Data entries
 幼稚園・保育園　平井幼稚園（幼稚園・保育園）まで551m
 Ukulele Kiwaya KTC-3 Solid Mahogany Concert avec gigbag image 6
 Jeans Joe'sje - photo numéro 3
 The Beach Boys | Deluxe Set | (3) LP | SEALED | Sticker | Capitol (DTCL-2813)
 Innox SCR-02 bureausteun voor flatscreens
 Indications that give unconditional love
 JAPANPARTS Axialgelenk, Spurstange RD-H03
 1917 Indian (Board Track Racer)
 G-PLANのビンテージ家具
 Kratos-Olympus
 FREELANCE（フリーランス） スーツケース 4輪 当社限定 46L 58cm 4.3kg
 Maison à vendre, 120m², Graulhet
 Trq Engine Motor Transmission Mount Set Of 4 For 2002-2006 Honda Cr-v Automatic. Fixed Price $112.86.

* Task
Return the line that contains "Jeans Joe'sje - photo numéro 3" along with every line after it through the end of the entries, exactly, adding nothing.

* Response to the exercise
 Jeans Joe'sje - photo numéro 3
 The Beach Boys | Deluxe Set | (3) LP | SEALED | Sticker | Capitol (DTCL-2813)
 Innox SCR-02 bureausteun voor flatscreens
 Indications that give unconditional love
 JAPANPARTS Axialgelenk, Spurstange RD-H03
 1917 Indian (Board Track Racer)
 G-PLANのビンテージ家具
 Kratos-Olympus
 FREELANCE（フリーランス） スーツケース 4輪 当社限定 46L 58cm 4.3kg
 Maison à vendre, 120m², Graulhet
 Trq Engine Motor Transmission Mount Set Of 4 For 2002-2006 Honda Cr-v Automatic. Fixed Price $112.86.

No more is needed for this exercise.